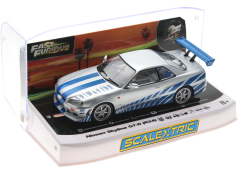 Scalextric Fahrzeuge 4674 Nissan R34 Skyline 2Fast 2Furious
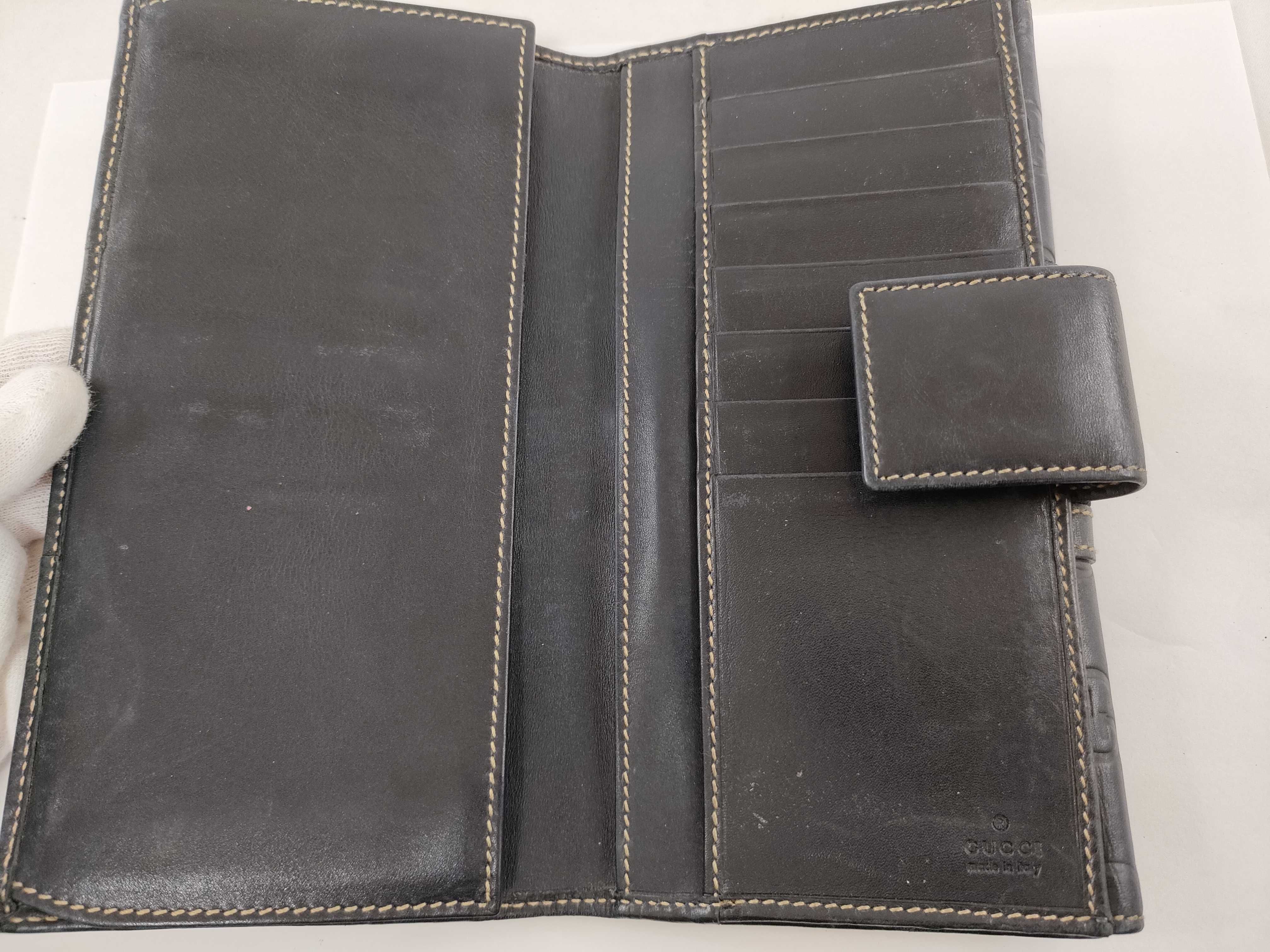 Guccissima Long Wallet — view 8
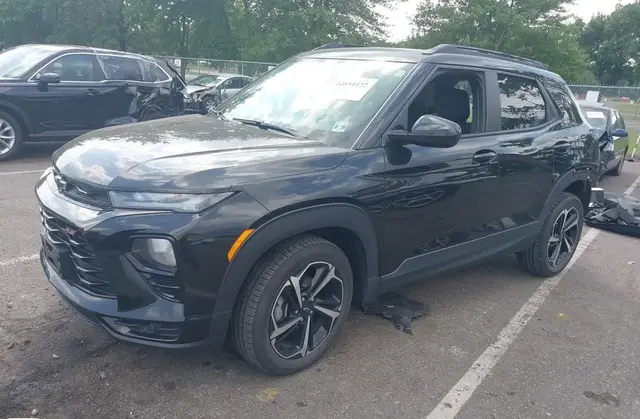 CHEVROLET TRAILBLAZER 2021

* * *

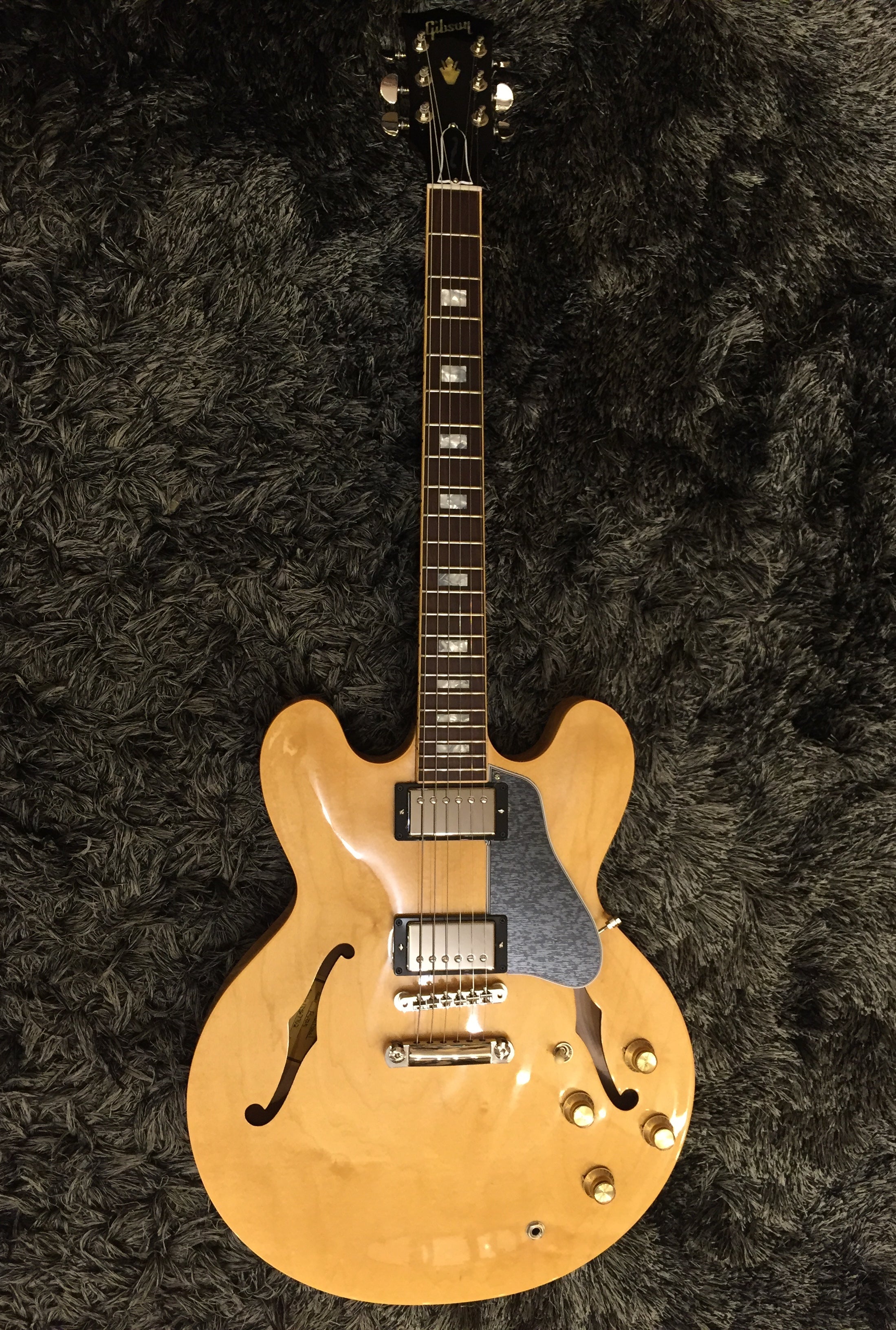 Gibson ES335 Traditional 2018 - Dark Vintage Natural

...

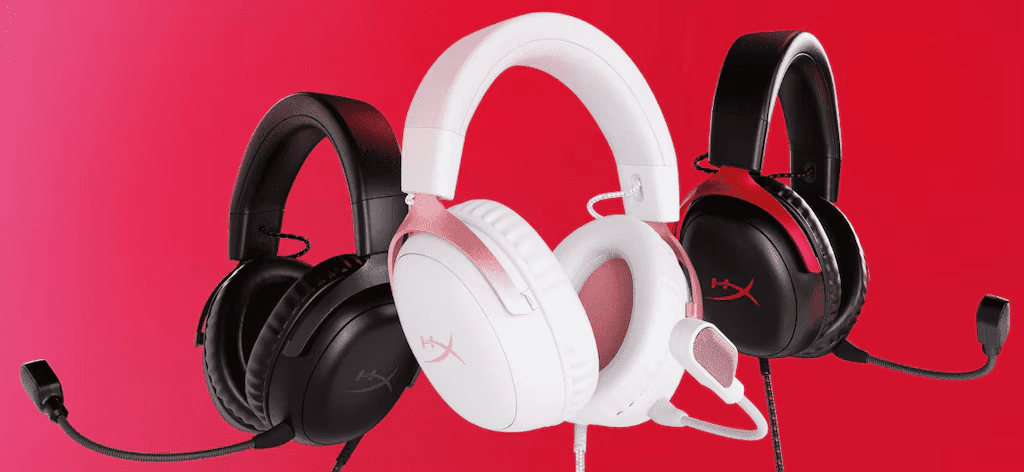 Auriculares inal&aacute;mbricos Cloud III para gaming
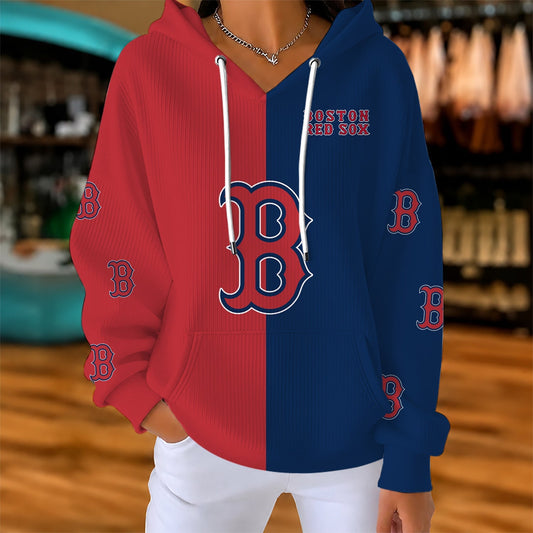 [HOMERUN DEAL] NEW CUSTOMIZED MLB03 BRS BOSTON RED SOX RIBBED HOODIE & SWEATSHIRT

ACTION ITEM: Output exactly those lines of the data above that run from the line with "Scalextric Fahrzeuge 4674" up to and including the line with "CHEVROLET TRAILBLAZER 2021". No pictures go in.

TASK ANSWER:
 Scalextric Fahrzeuge 4674 Nissan R34 Skyline 2Fast 2Furious
 Guccissima Long Wallet — view 8
 CHEVROLET TRAILBLAZER 2021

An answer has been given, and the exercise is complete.